Holiday cards are really fucking complicated.

I had two boxes of cards. One was completely non-holiday specific, and one was funny but said “Merry Xmas” on it. So clearly, the Jews needed to get the non-specific card. However, the more religious Christians couldn’t get the Merry Xmas card because of the whole Christ/X thing. And then there was also the fact that Hanukkah was like, three weeks ago, so I had to craft my message carefully so it was obvious that I was really just sending best wishes for the new year, oh, so you happened to get this the day before Christmas … is it Christmas this week? I hadn’t realized. I spent the next two hours doing the kind of analysis into people’s potential religious beliefs that should only be attempted by historical scholars on a civilization that’s been extinct for 1,000 years.  I even had to go to the store and buy actual New Year’s cards for the extra-Jewish folks on my list, because apparently my neutral card wasn’t neutral enough.
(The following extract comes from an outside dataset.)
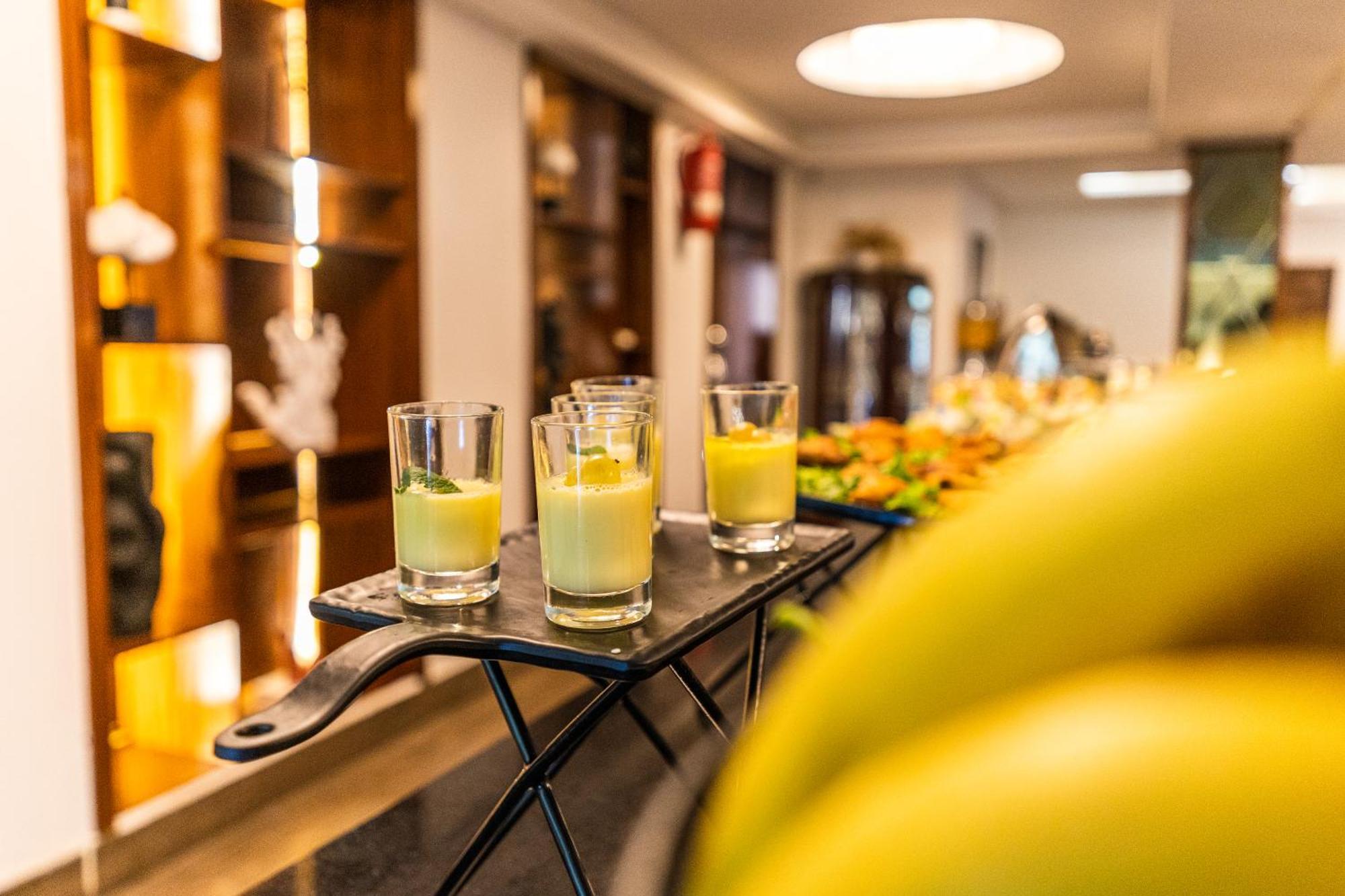 One Hotel קזבלנקה מראה חיצוני תמונה A buffet at a hotel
So I put the damn things in the mail and proceeded to spend the rest of the week worrying about who I’ve offended. Did I write something stupid? Did I send the wrong card to the wrong people? Did I accidentally mention “Christmas” on a Jewish card? What about the Jehovah’s Witnesses and the Mormons? Are they even allowed to get cards? With glitter?

Why did I do this? Why? What business do I have sending cards to celebrate a holiday when I’m not even sure what holiday I’m celebrating? Even if there are cards for Christmukkah (and I’m sure there are) you just can’t send those to everyone, and the ones that are really multi-religion and “embrace all faiths” imply some religion and/or faith, which I do not so much have. On December 25th I celebrate the birth of Jimmy Buffett by eating turkey and pie, and wish I still believed in Santa. And really, the only reason to send cards anyway is to assuage guilt about not being in touch with people all the rest of the year, and HELLO, that’s what Facebook is for.

Next year, I’m totally back to being one of “the Turners.” Happy holidays.


One response to “celebrating my annual identity crisis

  1. I can’t decide if i should be honored or not that I caused this much stress and confusion in your life. At least I made up for it with the Pirate cruise?